**ASSIGNMENT**
The answer is the full set of records, given again exactly and without images.

Dataset items:
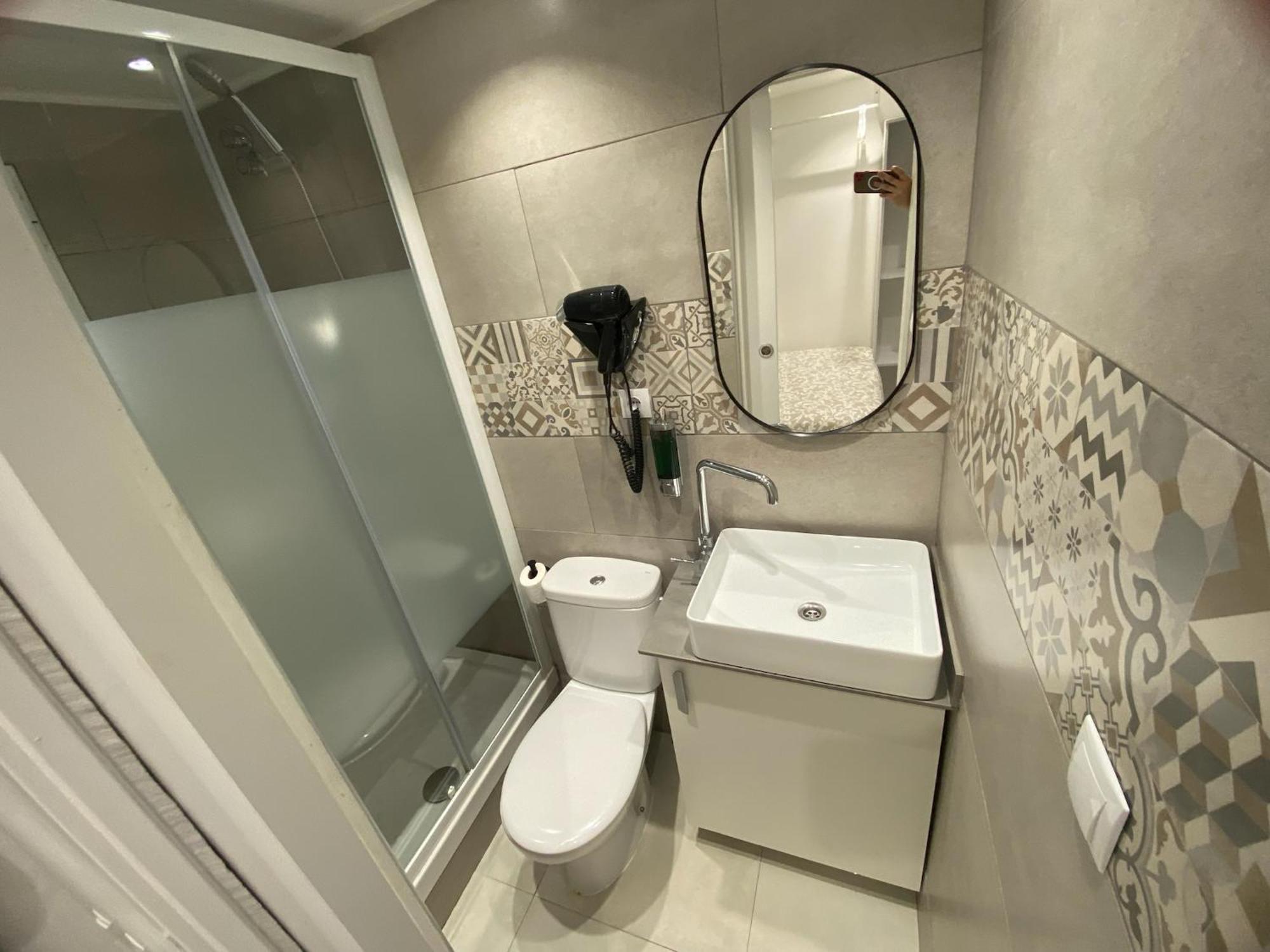 Suites Nuevas Con Bano Privado Frente Al Metro St Mwc Barcelona-Fira L'Hospitalet de Llobregat Exteriér fotografie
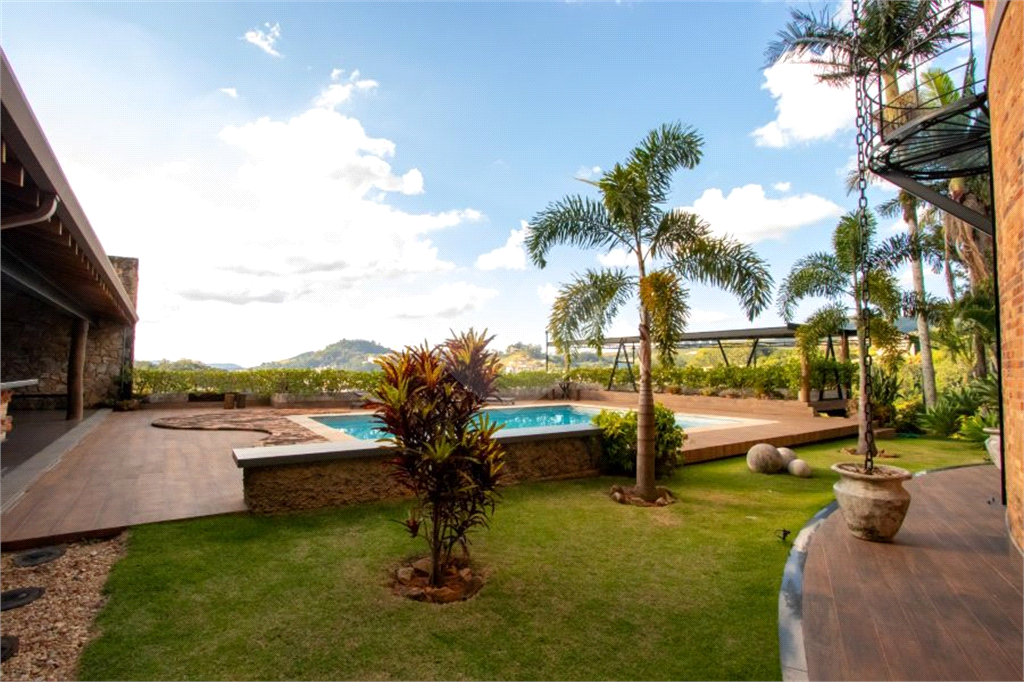 Casa alto padrão à venda | 1.490 m² | 4 suítes | 20 vagas em Serra Negra/SP!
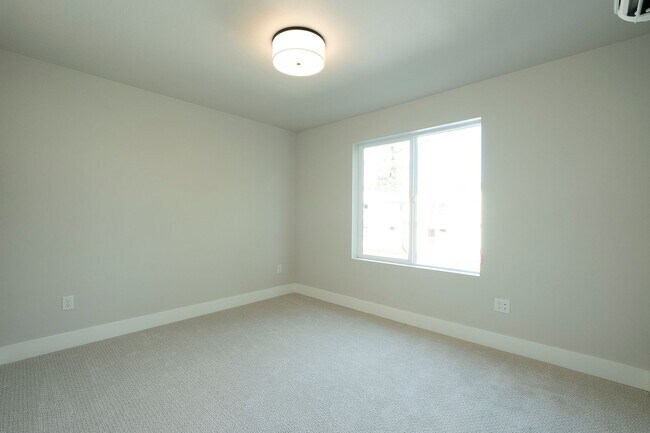 Building Photo - 2 Weeks Free W Approved Application by 08/...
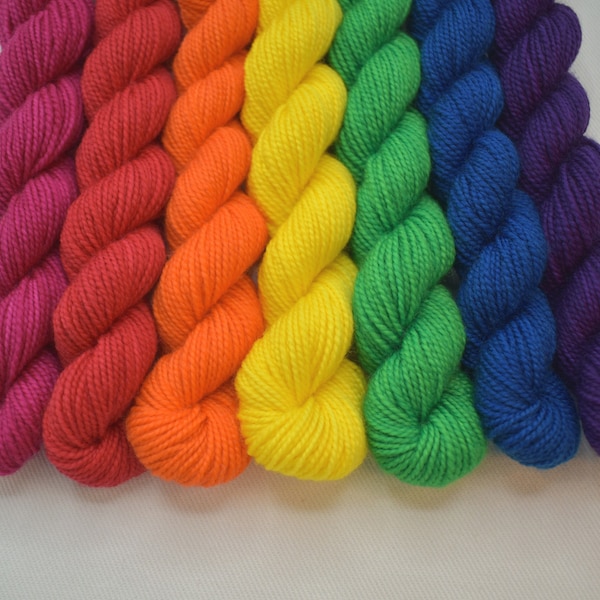 Mini-écheveaux arc-en-ciel - Lot de 7 - Fil épais pour chaussettes teints à la main - 100 % laine mérinos Superwash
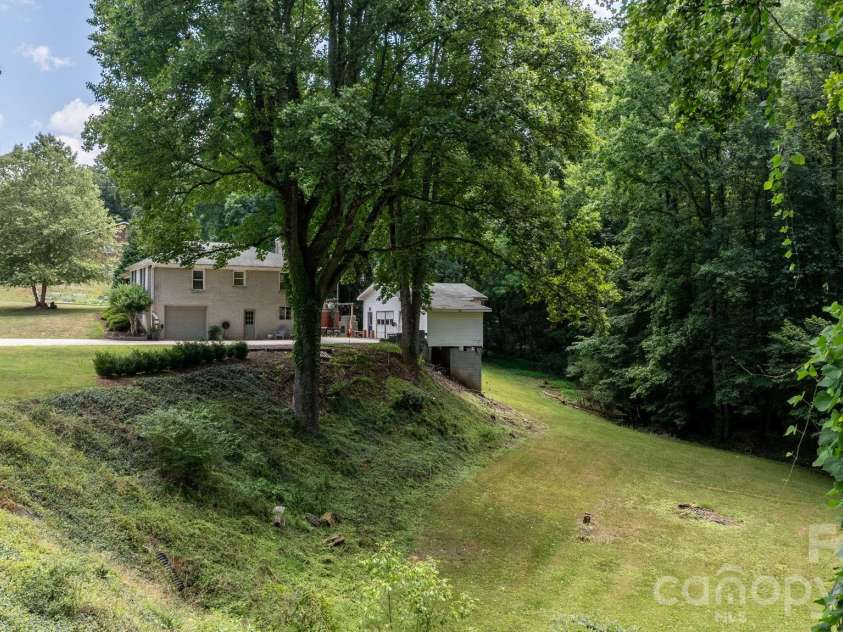 1007 I Street, North Wilkesboro, NC 28659.  MLS# CAR4401159, YatesRealty ID 35913. 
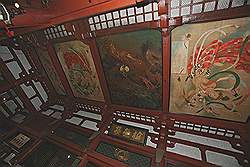 Asakusa - Sensoji temple; mooie plafonds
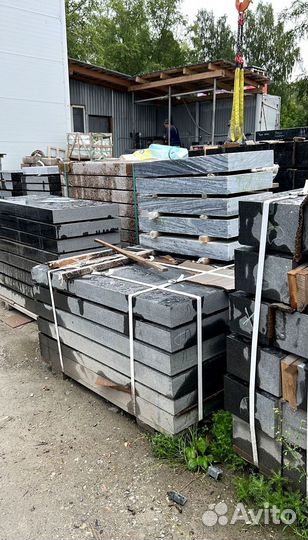 Памятники из натурального камня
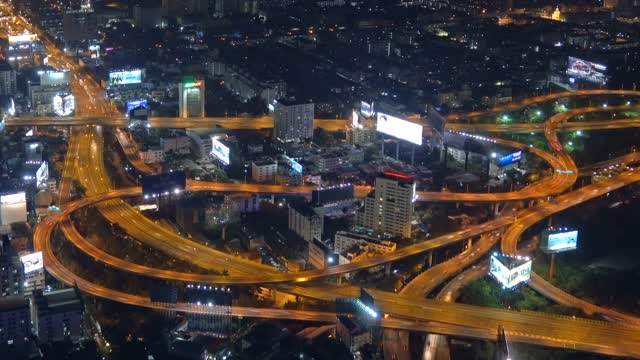 鸟瞰曼谷的照明道路视频素材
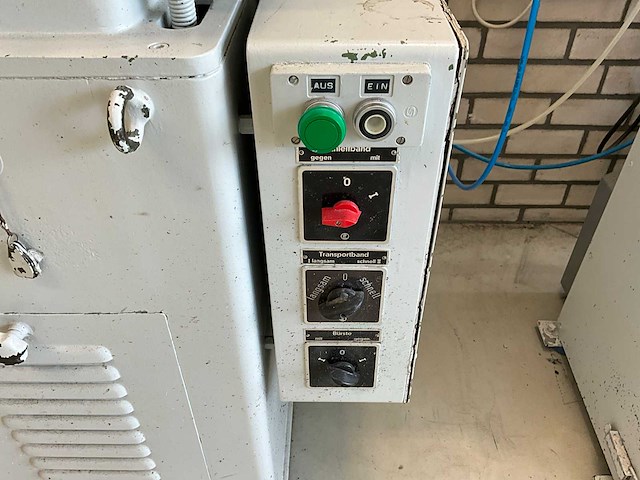 Bandschuurmachine voor schoenreparatie v.v. pneumatische klepafzuiging - afbeelding 7 van  8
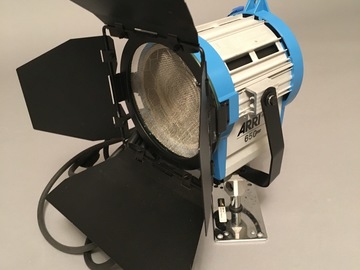 Rent: ARRI 650W Fresnel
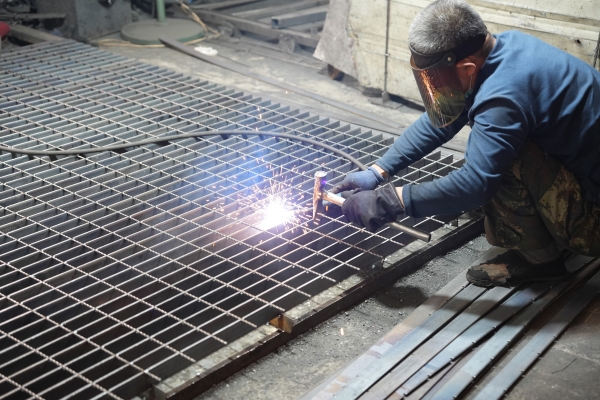 赤峰鍍鋅鋼格柵廠家電話號碼-第1張圖片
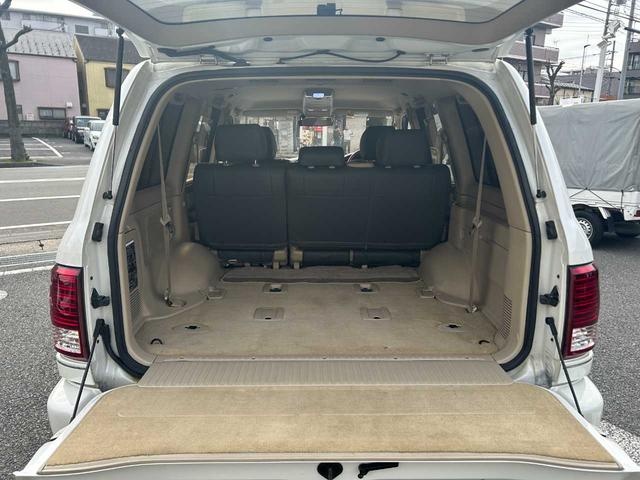 ランドクルーザー１００ ＶＸリミテッド　ユーザー買取車／純正ナビ／ＲＡＹＳホイール／バックカメラ／クルコン／ＴＶ／ＤＶＤ／オートライト／ドラレコ／木目調／構造変更５人乗り（19枚目）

**WRITTEN SOLUTION**
 Suites Nuevas Con Bano Privado Frente Al Metro St Mwc Barcelona-Fira L'Hospitalet de Llobregat Exteriér fotografie
 Casa alto padrão à venda | 1.490 m² | 4 suítes | 20 vagas em Serra Negra/SP!
 Building Photo - 2 Weeks Free W Approved Application by 08/...
 Mini-écheveaux arc-en-ciel - Lot de 7 - Fil épais pour chaussettes teints à la main - 100 % laine mérinos Superwash
 1007 I Street, North Wilkesboro, NC 28659.  MLS# CAR4401159, YatesRealty ID 35913. 
 Asakusa - Sensoji temple; mooie plafonds
 Памятники из натурального камня
 鸟瞰曼谷的照明道路视频素材
 Bandschuurmachine voor schoenreparatie v.v. pneumatische klepafzuiging - afbeelding 7 van  8
 Rent: ARRI 650W Fresnel
 赤峰鍍鋅鋼格柵廠家電話號碼-第1張圖片
 ランドクルーザー１００ ＶＸリミテッド　ユーザー買取車／純正ナビ／ＲＡＹＳホイール／バックカメラ／クルコン／ＴＶ／ＤＶＤ／オートライト／ドラレコ／木目調／構造変更５人乗り（19枚目）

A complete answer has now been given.